On Monday, the NBA announced that players and the media will have a role in deciding who starts in the All-Star Game, joining the fans. Reaction was mixed.


Perhaps the most interesting reaction was from a portion of the media that wants nothing to do with this. Here’s the widely respected and very good Scott Cacciola of The New York Times with a representative take.
In Cacciola’s case, this is actually an institutional position: The Times prohibits its beat writers from voting on awards bestowed by the media, such as the NBA MVP and All-NBA teams. Cacciola indicates that even if that were not the case, he wouldn’t vote for All-Star or any of it regardless because journalists “should have no direct involvement in the beat they cover.”
The act of committing journalism is, however, direct involvement in the beat they cover.

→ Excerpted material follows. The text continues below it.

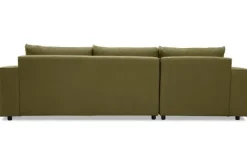 Dutch Luxury Style Ronde Banken|Loungebanken^Loungebank Della Terra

NBA beat writers and their editors decide what stories to pursue and what players to write about. Writers decide who to interview, what questions to ask, how to frame a narrative. Writers decide how to promote their work on social media. Their editors decide how to frame the story in headlines and, for the dwindling print writers, where to put it on the sports page. All of this — the tweets, the stories, the quotes, the narratives — become a fabric of the NBA instantly and are left inextricable from the product itself.
This is direct involvement in the beat they cover. NBA beat writers are not wisps that flutter in and out of locker rooms with no impact made by their presence or activity.
Consider last week’s contretemps over the DeMarcus Cousins confrontation with a Sacramento Bee columnist. Beat writers were in that locker room. None of them wrote a word about the incident — one that surely reflects poorly on Cousins and could definitely impact his pocketbook, either via a league fine or his next contract. The incident didn’t see the light of day until the Bee itself took the extraordinary act of producing a video about it.
In their silence, the beat writers in that locker room had direct involvement in the beat they cover. They made decisions not to write about an issue that will probably cost Cousins some money. The Bee’s executive editor made a decision to commission a video and write an op-ed that will probably cost Cousins some money. This is definition of direct involvement in a beat.
But that’s an extraordinary example. Journalists affect the league much more subtly every day.
If the Knicks win, leading with Carmelo Anthony’s scoring numbers has a different impact than leading with Kristaps Porzingis’ shooting. If the Knicks lose, focusing on Derrick Rose’s defensive deficiencies has a different impact than looking at Anthony’s lack of efficiency. (The fact that I just put “Derrick Rose” next to “defensive deficiencies” apropos of nothing has an impact in some recess of some reader’s brain.)
These decisions — all innocent — all shape the narrative around the players. These narratives all impact award votes, contracts, fan sentiment. And they are impossible to avoid every single day.
Instead of pretending to be unbiased fact organizers, journalists should acknowledge their huge role in shaping opinions about players. This doesn’t mean beat writers should be voting on NBA awards or All-Star nods — that’s a particularly awkward dance, as the Anthony Davis debacle showed last spring. But there needs to be more acknowledgment from the media in general (beyond the NBA, too) that their editorial decisions at every level shape sentiments, narratives, and decisions.
Let us also note how minor an impact a single media vote for an All-Star starter will have. Assuming the standard 120 media voters, a single All-Star starter vote from a journalist is 0.2 percent of the total impact on the fan-media-player vote. Where the value comes is in that players and media are unlikely to work in concert to elect a joke candidate to the All-Star team, and in fact, by being more interested in making good votes will act to deny All-Star spots to undeserving players. This is where I remind you that Zaza Pachulia was just 14,000 votes behind Kawhi Leonard for an All-Star nod last year.
The stakes here in the NBA realm are relatively small compared to other beats. But the core truths of the profession’s place in the modern world extend to basketball and beyond.